Um dia não exatamente normal para uma dona de casa, mas algo esperado tendo em vista que, meses antes, em uma reunião com o gerente, ela havia discutido a criação de uma companhia off-shore. “Pelas leis dinamarquesas, possuir uma conta não declarada no exterior é crime, e isso pode ser resolvido com uma off-shore”, escreveu o gerente. Ao todo, há 7.300 donas de casa, e outras 4.000 clientes listadas como “estudantes” e “sem profissão” na lista de Falciani. Uma delas é Mary Wells Lawrence. Hoje com 86 anos, ela fundou a agência Wells Rich Green em 1966 e foi a primeira mulher a dirigir uma empresa listada na Bolsa de Nova York.

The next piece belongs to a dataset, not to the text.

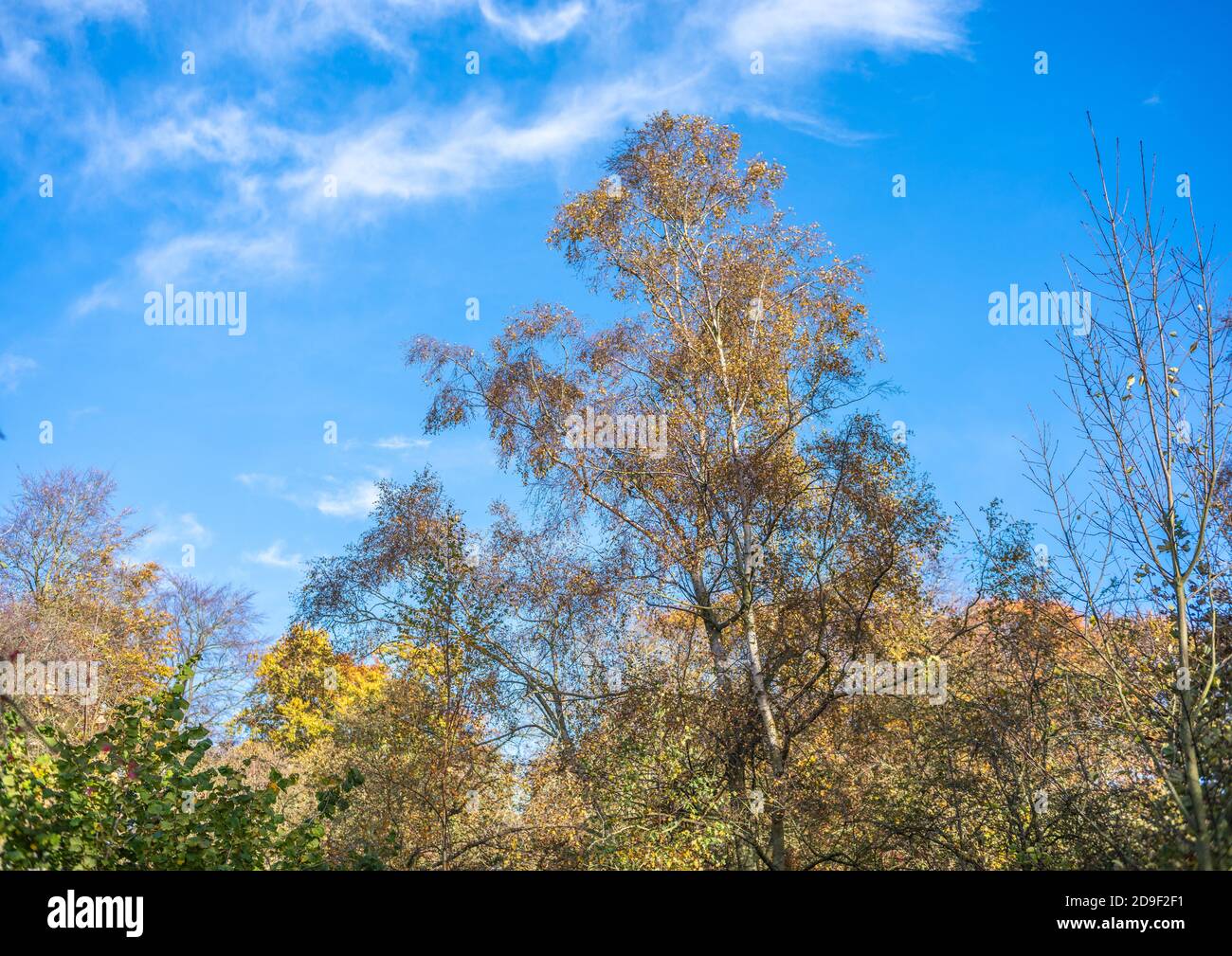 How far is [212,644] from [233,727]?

Dificilmente pode ser considerada uma dona de casa convencional. Após negar as malfeitorias, o HSBC admitiu os problemas. “Reconhecemos que os padrões de compliance e due diligence no HSBC Private Bank na Suíça eram significativamente mais baixos do que são hoje”, informou o banco. As dificuldades não são novas. Em 2012, Stuart Gulliver, CEO do HSBC, lançou uma forte campanha de reestruturação que não apenas eliminou as atividades em mais de 30 países como também centralizou a administração.

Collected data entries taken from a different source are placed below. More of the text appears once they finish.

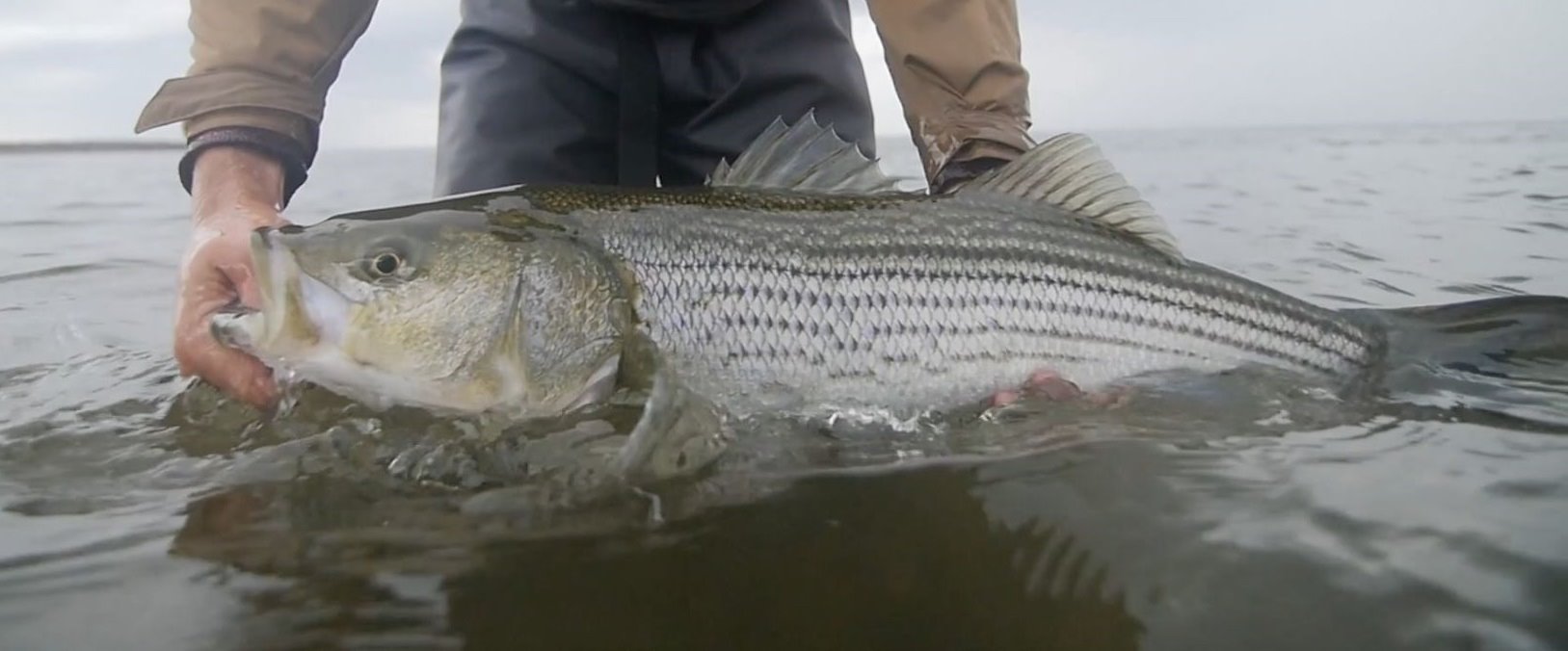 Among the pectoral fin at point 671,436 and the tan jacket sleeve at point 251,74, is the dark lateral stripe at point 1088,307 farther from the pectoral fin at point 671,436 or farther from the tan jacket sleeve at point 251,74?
the tan jacket sleeve at point 251,74

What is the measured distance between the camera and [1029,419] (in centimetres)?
275

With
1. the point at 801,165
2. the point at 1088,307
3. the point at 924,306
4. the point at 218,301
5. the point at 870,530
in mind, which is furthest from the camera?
the point at 801,165

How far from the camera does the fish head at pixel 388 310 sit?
7.99 feet

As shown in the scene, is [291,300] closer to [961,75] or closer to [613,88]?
[613,88]

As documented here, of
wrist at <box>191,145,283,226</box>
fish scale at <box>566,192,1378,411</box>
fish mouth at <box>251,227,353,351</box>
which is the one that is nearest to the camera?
fish mouth at <box>251,227,353,351</box>

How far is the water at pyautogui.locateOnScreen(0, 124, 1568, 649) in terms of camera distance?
165 cm

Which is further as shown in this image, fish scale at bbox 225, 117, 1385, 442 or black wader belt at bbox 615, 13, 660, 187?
black wader belt at bbox 615, 13, 660, 187

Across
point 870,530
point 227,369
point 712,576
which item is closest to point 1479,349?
point 870,530

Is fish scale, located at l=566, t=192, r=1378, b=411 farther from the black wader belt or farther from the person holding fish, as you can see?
the black wader belt

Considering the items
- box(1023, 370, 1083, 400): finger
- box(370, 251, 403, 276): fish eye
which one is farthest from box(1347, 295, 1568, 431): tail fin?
box(370, 251, 403, 276): fish eye

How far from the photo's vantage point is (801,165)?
312 cm

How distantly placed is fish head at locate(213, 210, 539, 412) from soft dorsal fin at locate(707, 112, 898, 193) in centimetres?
79

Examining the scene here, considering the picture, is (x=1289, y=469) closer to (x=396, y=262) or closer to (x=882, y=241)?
(x=882, y=241)

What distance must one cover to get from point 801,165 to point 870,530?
1420mm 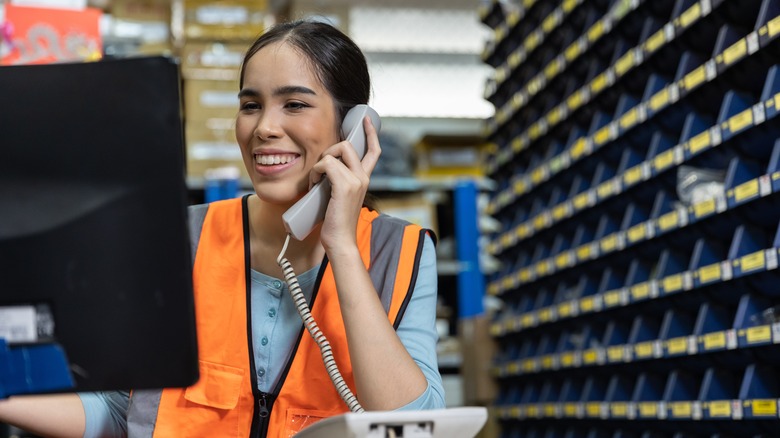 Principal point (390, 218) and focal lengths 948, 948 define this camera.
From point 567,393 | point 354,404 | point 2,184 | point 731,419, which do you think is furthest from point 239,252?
point 567,393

“O Banco era administrado de maneira muito mais federativa, com as decisões sendo tomadas individualmente, em cada país”, informa a nota. Esse não é o primeiro episódio controverso na centenária trajetória do HSBC. Fundado em 1865, o banco ganhou muito dinheiro financiando o comércio entre a China e a Europa – as mercadorias incluíam ópio, e os lucros deram origem à expressão “negócio da China”. A partir de agora, o HSBC e os demais private banks deverão ser muito mais cautelosos e severos com seus clientes, evitando assim colher uma nova safra de denúncias.